═══ INFORMATION PROVIDED ═══

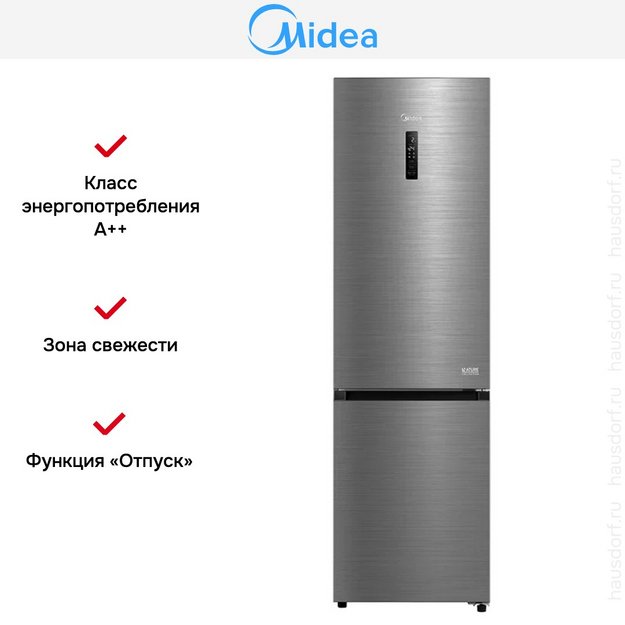 Холодильник Midea MDRB524MGE46ODM (preview 11)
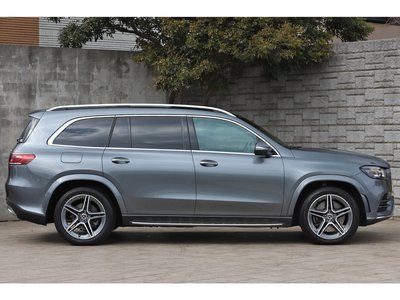 MERCEDES-BENZ GLS - 6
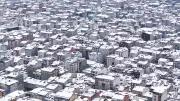 27 Aralık'ta Kar Geliyor: Ankara, İstanbul ve Birçok Şehirde Kar Yağışı Bekleniyor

═══

**YOUR TASK**
In your transcription of the listing above, match each line exactly and include no pictures.

**TASK SOLUTION**
 Холодильник Midea MDRB524MGE46ODM (preview 11)
 MERCEDES-BENZ GLS - 6
 27 Aralık'ta Kar Geliyor: Ankara, İstanbul ve Birçok Şehirde Kar Yağışı Bekleniyor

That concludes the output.